Requirement -
After locating the line that contains "Ergonomic Gaming Chair, Wyrdforging" in the data below, set down exactly that line and each one after it through the line that contains "Type-C Gümüş Örgü", and nothing more.

Given records -
##############################
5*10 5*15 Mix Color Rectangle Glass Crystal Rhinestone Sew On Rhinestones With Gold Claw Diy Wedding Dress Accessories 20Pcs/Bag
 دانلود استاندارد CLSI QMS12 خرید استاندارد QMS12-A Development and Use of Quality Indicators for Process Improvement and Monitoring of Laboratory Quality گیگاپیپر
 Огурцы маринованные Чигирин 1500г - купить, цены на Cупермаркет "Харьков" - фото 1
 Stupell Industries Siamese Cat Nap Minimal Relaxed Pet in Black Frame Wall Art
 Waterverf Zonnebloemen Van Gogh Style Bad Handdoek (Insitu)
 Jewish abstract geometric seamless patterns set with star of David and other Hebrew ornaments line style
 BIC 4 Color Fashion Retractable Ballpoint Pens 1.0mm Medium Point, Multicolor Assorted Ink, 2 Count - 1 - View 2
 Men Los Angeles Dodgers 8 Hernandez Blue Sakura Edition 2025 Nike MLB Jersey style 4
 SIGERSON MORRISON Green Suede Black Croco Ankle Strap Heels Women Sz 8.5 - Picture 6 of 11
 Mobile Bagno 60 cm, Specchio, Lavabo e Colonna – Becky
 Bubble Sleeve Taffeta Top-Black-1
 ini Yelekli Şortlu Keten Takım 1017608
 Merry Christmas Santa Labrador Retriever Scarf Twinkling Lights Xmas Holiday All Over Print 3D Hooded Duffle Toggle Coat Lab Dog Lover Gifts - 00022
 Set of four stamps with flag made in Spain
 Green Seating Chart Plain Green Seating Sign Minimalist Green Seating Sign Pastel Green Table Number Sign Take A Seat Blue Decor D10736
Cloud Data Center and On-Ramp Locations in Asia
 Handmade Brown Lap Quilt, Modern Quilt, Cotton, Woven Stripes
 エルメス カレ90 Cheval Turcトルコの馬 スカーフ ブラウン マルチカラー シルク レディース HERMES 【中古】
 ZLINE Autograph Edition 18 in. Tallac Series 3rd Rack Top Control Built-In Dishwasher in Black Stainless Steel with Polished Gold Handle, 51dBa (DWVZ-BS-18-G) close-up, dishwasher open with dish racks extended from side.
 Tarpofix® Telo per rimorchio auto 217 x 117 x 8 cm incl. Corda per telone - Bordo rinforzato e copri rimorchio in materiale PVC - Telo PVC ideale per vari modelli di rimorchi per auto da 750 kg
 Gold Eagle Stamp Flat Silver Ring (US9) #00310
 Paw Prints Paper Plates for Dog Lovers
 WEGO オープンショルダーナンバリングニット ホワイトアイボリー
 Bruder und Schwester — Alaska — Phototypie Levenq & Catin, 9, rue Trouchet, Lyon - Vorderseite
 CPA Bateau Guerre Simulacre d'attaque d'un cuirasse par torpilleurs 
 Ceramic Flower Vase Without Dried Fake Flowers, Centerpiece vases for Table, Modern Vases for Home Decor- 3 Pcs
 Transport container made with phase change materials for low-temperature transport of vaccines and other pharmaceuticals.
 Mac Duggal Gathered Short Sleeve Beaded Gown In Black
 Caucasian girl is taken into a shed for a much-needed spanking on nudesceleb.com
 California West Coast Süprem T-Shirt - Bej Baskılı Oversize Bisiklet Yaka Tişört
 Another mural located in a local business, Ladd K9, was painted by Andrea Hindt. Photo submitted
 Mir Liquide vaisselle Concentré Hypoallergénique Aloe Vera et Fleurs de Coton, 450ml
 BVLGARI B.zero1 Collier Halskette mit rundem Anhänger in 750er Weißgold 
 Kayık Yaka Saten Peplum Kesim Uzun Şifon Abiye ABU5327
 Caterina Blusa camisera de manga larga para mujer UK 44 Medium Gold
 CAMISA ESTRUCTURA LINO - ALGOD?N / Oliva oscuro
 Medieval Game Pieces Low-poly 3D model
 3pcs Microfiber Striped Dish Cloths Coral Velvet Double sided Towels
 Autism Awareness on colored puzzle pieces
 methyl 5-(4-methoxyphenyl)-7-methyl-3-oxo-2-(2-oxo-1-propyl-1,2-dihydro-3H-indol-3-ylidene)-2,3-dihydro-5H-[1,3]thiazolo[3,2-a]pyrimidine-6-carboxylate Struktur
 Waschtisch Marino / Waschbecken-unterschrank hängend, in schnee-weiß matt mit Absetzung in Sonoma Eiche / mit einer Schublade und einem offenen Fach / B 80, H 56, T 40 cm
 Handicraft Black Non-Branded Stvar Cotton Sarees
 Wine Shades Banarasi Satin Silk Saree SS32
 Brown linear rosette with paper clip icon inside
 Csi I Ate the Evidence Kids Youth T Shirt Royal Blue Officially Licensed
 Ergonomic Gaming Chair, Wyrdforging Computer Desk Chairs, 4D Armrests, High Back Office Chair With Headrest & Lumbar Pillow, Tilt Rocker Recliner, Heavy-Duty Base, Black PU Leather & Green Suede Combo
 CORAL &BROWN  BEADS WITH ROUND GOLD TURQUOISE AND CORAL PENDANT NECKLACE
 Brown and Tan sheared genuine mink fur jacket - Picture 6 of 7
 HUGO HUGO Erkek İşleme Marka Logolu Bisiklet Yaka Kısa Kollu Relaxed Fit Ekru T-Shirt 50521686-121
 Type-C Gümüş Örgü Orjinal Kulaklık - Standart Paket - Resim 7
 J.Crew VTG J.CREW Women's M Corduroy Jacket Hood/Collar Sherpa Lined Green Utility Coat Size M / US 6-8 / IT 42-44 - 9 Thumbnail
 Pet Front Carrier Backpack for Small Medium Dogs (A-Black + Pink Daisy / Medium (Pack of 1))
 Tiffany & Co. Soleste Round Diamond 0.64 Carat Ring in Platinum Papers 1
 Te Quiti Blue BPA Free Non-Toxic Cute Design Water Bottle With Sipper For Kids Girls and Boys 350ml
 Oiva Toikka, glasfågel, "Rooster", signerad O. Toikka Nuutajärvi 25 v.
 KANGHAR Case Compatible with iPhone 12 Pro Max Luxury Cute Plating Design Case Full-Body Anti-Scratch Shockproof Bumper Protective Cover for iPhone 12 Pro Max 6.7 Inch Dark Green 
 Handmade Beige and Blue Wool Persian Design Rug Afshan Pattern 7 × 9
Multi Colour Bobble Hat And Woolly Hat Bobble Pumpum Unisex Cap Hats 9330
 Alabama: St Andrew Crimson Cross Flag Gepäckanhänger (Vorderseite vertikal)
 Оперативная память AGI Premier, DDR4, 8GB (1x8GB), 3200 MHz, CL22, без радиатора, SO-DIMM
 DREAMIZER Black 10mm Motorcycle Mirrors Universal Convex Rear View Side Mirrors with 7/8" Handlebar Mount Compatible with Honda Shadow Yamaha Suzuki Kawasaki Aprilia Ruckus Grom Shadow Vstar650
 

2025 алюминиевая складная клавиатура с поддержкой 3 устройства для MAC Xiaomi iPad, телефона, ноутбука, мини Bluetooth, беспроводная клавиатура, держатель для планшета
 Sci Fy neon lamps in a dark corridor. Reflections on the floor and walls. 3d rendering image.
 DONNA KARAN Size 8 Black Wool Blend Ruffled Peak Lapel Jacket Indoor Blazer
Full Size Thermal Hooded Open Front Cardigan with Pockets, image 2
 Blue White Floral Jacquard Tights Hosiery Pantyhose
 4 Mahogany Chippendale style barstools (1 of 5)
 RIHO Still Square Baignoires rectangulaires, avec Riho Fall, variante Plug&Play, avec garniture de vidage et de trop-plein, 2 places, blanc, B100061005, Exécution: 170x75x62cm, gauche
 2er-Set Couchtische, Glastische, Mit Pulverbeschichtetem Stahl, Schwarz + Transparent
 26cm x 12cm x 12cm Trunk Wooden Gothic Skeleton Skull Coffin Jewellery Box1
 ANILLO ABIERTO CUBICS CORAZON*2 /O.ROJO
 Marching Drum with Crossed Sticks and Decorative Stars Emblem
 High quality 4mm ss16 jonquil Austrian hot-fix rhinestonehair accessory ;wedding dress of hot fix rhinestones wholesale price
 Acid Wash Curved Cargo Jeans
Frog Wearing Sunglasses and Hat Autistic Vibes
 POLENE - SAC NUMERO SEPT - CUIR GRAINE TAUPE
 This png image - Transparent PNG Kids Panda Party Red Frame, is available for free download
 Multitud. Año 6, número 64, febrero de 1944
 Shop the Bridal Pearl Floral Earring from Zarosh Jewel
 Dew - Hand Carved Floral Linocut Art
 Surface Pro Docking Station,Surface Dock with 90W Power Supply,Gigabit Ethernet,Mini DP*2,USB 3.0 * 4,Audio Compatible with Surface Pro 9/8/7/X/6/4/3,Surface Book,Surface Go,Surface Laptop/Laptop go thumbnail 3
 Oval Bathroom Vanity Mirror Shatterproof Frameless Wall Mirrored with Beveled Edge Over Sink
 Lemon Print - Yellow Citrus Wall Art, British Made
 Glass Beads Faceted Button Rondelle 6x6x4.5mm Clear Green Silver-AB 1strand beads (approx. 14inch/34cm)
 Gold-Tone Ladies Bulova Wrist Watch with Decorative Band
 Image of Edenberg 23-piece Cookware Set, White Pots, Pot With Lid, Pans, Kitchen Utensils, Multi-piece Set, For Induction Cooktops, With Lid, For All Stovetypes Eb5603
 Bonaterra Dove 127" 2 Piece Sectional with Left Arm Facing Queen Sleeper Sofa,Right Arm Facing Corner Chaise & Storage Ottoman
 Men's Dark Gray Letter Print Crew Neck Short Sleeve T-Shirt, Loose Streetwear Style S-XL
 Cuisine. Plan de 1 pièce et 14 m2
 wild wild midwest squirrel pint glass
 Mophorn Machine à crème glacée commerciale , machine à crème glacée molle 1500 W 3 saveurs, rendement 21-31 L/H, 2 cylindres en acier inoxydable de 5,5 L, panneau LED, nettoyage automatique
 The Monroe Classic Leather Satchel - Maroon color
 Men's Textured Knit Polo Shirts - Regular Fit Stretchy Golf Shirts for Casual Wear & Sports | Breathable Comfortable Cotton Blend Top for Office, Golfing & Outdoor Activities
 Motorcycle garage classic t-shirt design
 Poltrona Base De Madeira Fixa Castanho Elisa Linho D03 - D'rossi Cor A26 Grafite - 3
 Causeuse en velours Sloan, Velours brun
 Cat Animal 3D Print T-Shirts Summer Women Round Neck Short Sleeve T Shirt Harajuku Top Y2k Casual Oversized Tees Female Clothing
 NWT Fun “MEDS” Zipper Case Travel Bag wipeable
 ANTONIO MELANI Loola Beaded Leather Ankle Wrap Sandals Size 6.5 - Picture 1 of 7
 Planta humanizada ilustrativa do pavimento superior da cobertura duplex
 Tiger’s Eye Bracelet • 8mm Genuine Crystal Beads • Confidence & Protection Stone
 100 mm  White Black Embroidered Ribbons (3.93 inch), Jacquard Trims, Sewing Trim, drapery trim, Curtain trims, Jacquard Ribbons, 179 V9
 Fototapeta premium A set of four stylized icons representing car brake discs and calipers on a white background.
##############################
Response to the task -
 Ergonomic Gaming Chair, Wyrdforging Computer Desk Chairs, 4D Armrests, High Back Office Chair With Headrest & Lumbar Pillow, Tilt Rocker Recliner, Heavy-Duty Base, Black PU Leather & Green Suede Combo
 CORAL &BROWN  BEADS WITH ROUND GOLD TURQUOISE AND CORAL PENDANT NECKLACE
 Brown and Tan sheared genuine mink fur jacket - Picture 6 of 7
 HUGO HUGO Erkek İşleme Marka Logolu Bisiklet Yaka Kısa Kollu Relaxed Fit Ekru T-Shirt 50521686-121
 Type-C Gümüş Örgü Orjinal Kulaklık - Standart Paket - Resim 7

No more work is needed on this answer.